* What needs to be done
Reproduce the entries exactly, beginning with the line containing "Gilet sans manche" and ending with their last line, both included.

* Available data
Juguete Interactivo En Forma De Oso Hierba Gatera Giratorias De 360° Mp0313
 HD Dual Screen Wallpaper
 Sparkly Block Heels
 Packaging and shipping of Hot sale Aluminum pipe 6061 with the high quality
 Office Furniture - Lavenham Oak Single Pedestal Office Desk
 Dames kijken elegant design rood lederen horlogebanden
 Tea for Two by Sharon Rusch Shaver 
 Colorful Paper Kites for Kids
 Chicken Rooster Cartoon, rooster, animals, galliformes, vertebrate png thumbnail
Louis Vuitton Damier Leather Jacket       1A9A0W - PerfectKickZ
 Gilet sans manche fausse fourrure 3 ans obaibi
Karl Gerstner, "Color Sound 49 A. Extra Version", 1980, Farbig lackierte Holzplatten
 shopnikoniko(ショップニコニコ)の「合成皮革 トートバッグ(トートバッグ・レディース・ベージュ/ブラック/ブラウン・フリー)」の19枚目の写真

* Result of the exercise
 Gilet sans manche fausse fourrure 3 ans obaibi
Karl Gerstner, "Color Sound 49 A. Extra Version", 1980, Farbig lackierte Holzplatten
 shopnikoniko(ショップニコニコ)の「合成皮革 トートバッグ(トートバッグ・レディース・ベージュ/ブラック/ブラウン・フリー)」の19枚目の写真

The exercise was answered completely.